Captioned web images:
______________________________

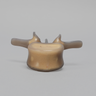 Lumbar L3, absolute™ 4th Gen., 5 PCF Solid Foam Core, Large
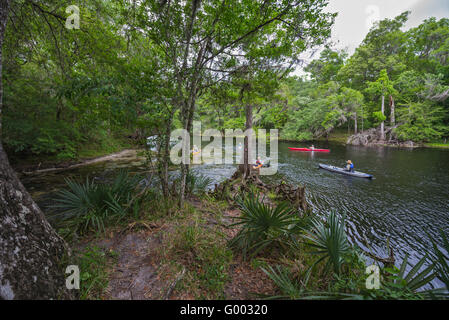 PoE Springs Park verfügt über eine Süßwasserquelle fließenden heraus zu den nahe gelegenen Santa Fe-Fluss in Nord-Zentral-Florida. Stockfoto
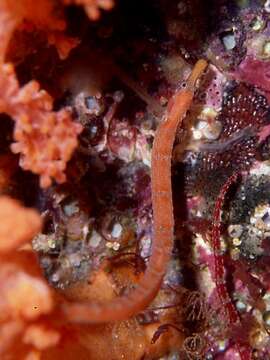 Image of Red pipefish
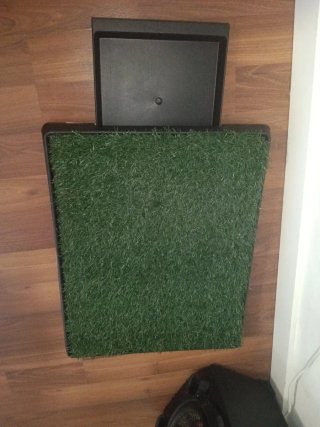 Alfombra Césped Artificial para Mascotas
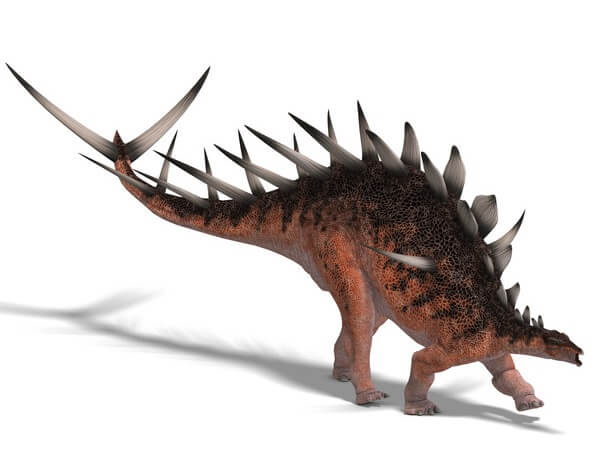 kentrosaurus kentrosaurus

______________________________

TASK DESCRIPTION:
Because pictures are not wanted, give every entry above again exactly without them.

TASK OUTPUT:
 Lumbar L3, absolute™ 4th Gen., 5 PCF Solid Foam Core, Large
 PoE Springs Park verfügt über eine Süßwasserquelle fließenden heraus zu den nahe gelegenen Santa Fe-Fluss in Nord-Zentral-Florida. Stockfoto
 Image of Red pipefish
 Alfombra Césped Artificial para Mascotas
 kentrosaurus kentrosaurus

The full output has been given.